A Short and Tweet Message Results in Student's Expulsion

Carrie Schmelkin : Gossip from the Hallways
Carrie Schmelkin
Web Editor, TMC

A Short and Tweet Message Results in Student's Expulsion

The question “Is that a First Amendment violation?” is certainly reverberating in the industry as of late as word has spread that an Indiana high school administration expelled a high school senior for cursing over Twitter…  wait for it, wait for it… after school from his personal computer.

At first that statement might seem truly preposterous to you. After all, what jurisdiction does a school have to chastise a student for using poor language on a social media site when the student was doing so from the comfort of his/her own home and after school? And the answer should be clear – none.

In what clearly has to be a violation of an individual’s first amendment right to public speech, Garrett High School in Indiana expelled a high school senior for dropping the “F” bomb a few times in a tweet, which has been described as nonthreatening.

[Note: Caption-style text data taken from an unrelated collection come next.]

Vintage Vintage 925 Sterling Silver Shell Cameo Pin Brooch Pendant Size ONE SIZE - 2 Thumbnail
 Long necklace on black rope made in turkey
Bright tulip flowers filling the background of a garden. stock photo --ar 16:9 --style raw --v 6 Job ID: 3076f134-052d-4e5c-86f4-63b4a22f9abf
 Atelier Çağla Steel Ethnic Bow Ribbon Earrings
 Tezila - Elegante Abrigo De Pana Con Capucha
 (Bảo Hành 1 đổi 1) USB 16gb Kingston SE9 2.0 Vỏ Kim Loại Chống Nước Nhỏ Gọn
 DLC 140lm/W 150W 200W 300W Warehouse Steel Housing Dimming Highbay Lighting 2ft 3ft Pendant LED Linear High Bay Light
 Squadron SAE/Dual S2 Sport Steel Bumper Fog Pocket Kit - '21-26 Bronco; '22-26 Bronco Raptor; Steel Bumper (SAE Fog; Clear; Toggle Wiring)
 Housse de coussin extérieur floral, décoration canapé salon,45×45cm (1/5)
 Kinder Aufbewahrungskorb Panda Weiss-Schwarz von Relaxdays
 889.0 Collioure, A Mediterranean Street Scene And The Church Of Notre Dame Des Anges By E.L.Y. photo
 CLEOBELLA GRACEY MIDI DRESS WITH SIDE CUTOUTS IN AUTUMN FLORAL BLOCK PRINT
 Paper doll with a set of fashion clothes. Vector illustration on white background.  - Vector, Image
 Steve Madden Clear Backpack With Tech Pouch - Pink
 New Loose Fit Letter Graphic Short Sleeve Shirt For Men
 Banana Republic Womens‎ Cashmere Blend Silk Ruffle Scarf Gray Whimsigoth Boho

The tweet was posted at 2:30 a.m. on his personal computer from his house.

The school, however, has a computer system that actively tracks the social media presence of its students and because the student had logged on to his Twitter account at some point in school one day, the system was able to find this tweet and report the teen to administrators.  Just three months shy of graduation, the school expelled Austin Carroll, who is now forced to enroll at an alternate school to receive his diploma.

"I don't think the school or anybody should be looking at [my account]. Because it's my own personal stuff and it's none of their business," Carroll said following the incident.

His mother, Pam Smith, expressed a similar sentiment and also expressed frustration over the fact that her son was expelled as opposed to suspended for a few days or even fined.  “To kick him out of school, his senior year, three months to go, is wrong,” she said.

Does this sound like a multi-million dollar lawsuit to anyone else? I can only imagine the lawyers who will be lining up to represent this kid.

Lawyers aside, I just don’t see how a school could ever find the grounds to expel a kid for cursing on a social media site, in private, after school, unless of course the language was directed at a fellow school community member and embodied a threatening nature. But in this instance, there is simply no way the school had any right to expel a child for expressing how he felt after school hours. What’s next? Administrators expelling a student who texts a few four letter curse words to his friend on the weekend? Or administrators suspending a student who joined a group in Facebook called “I hate homework?”

 In the past few days, the Internet has been abuzz with outcry over the fact that a student could be so closely monitored in the comfort of his own home. And an incident like this raises the question of at what point has a school become too “Big Brother” like?

Perhaps school administrators should keep on doing what they do best – teaching – and leave the parenting and raising to the parents.